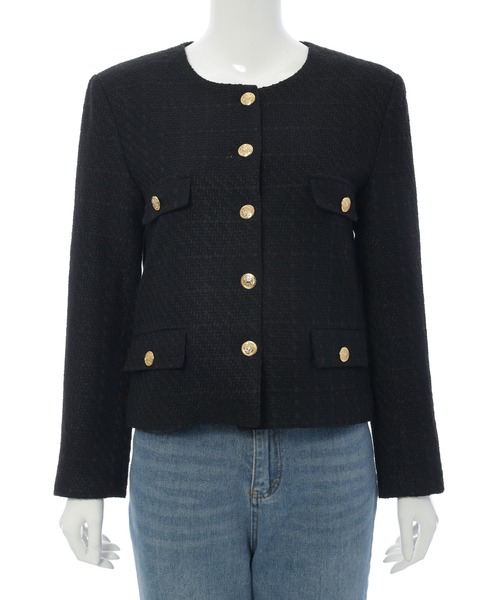 fifth（フィフス）の「ツイードジャケット（ノーカラージャケット・レディース・ブラック・M）」の9枚目の写真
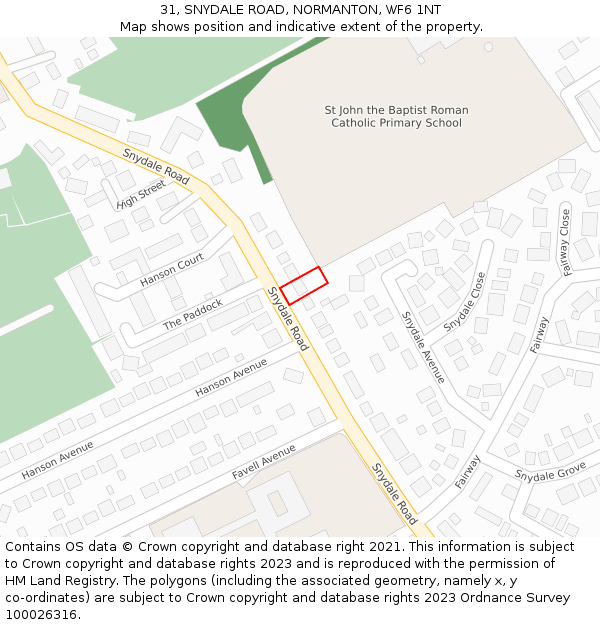 31, SNYDALE ROAD, NORMANTON, WF6 1NT: Location map and indicative extent of plot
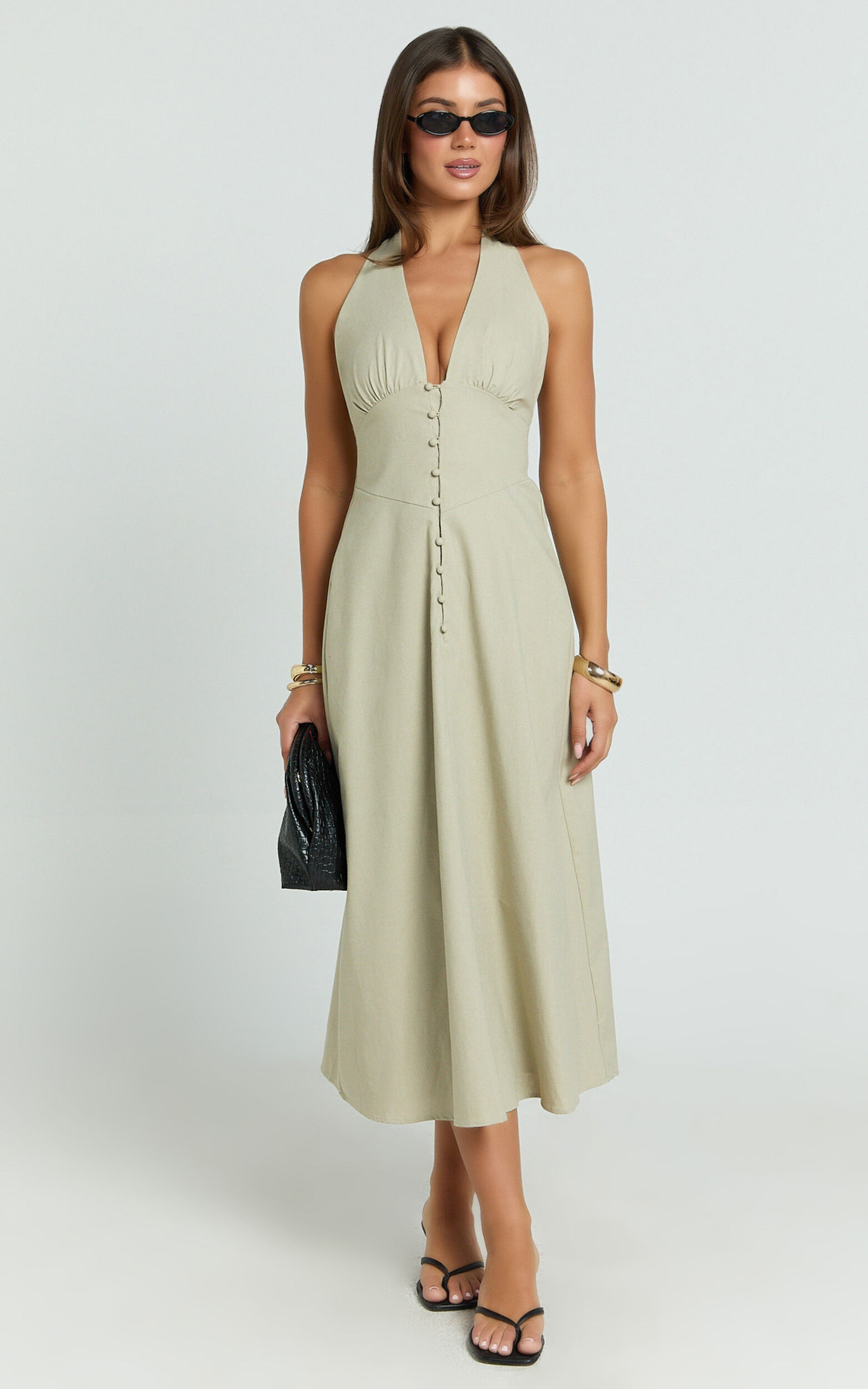 Beata Midi Dress - Plunge Halter A-Line Dress in Sage - 06, GRN1
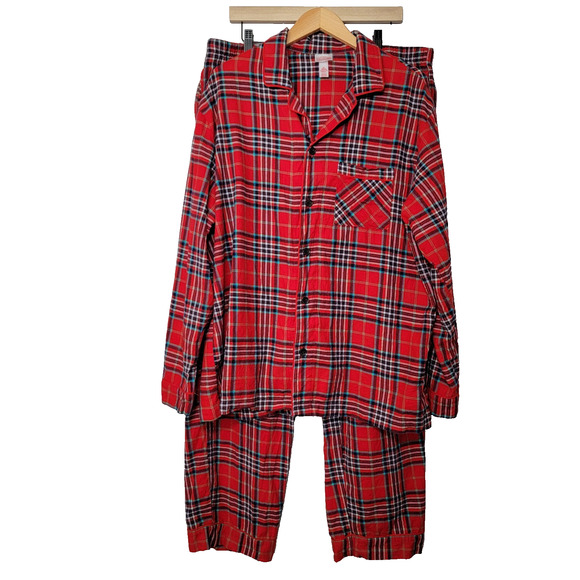 Red Plaid Flannel Pajamas Mens XL Cozy 100% Cotton Cabincore Holiday Wondershop - Picture 1 of 6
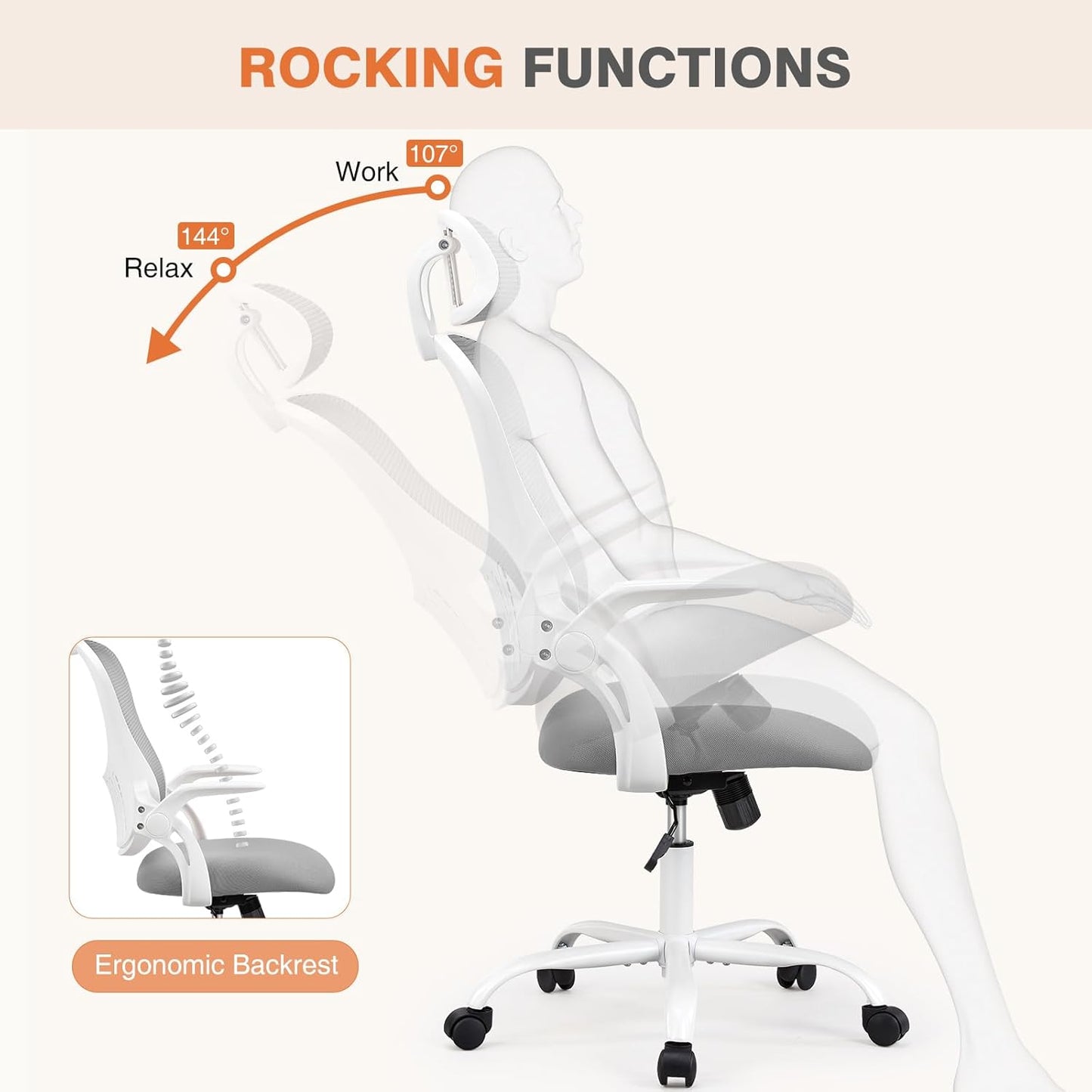 Sweetcrispy High-Back Executive Chair - Adjustable Mesh Headrest & Lumbar Support | Comfortable for Home Office & Study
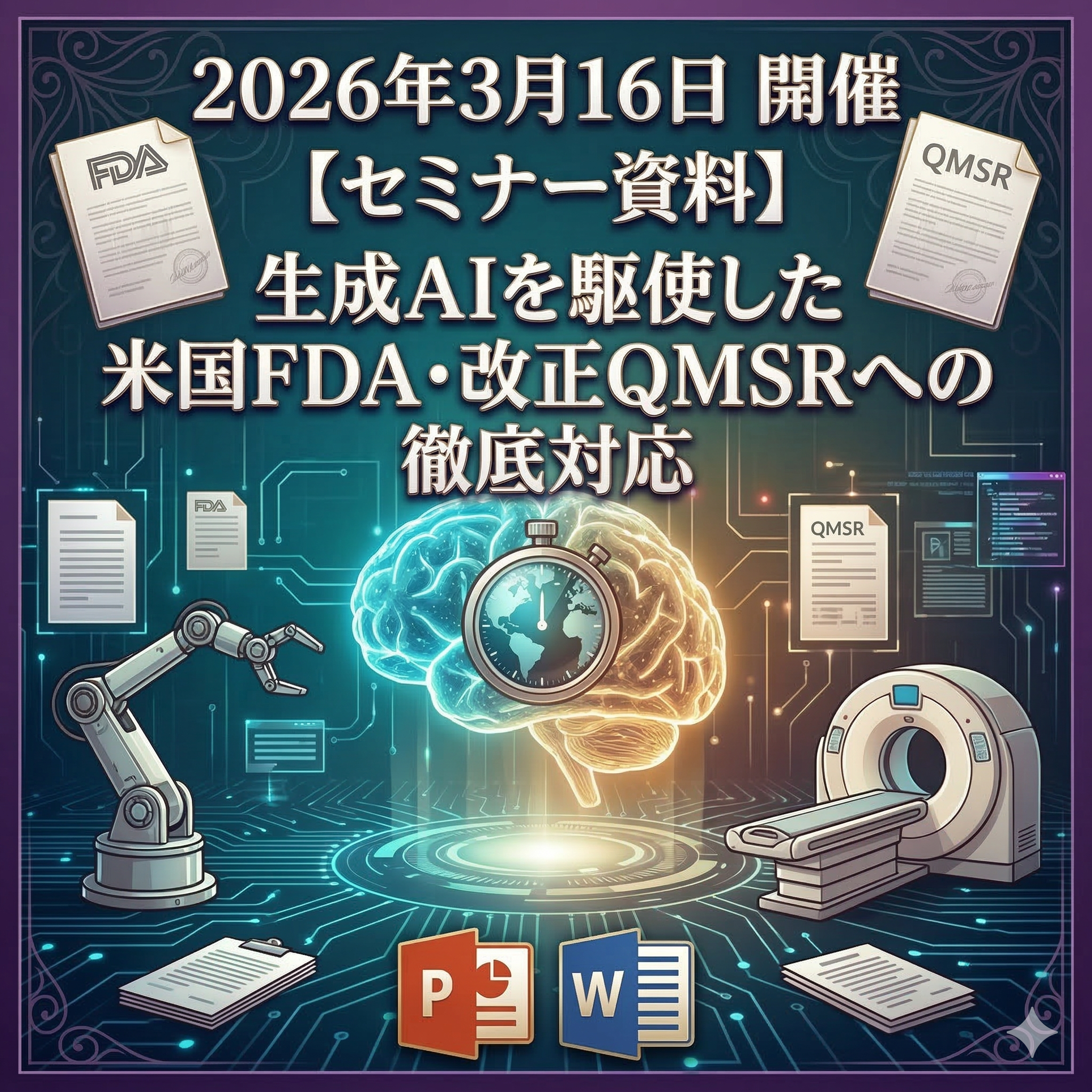 （3/16）【情報機構】生成AIを駆使した米国FDA・改正QMSRへの徹底対応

---

**Task prompt**: Restate, word for word and without pictures, the lines from the line containing "Red Plaid Flannel" to the last line of the records above.

**Result**:
 Red Plaid Flannel Pajamas Mens XL Cozy 100% Cotton Cabincore Holiday Wondershop - Picture 1 of 6
 Sweetcrispy High-Back Executive Chair - Adjustable Mesh Headrest & Lumbar Support | Comfortable for Home Office & Study
 （3/16）【情報機構】生成AIを駆使した米国FDA・改正QMSRへの徹底対応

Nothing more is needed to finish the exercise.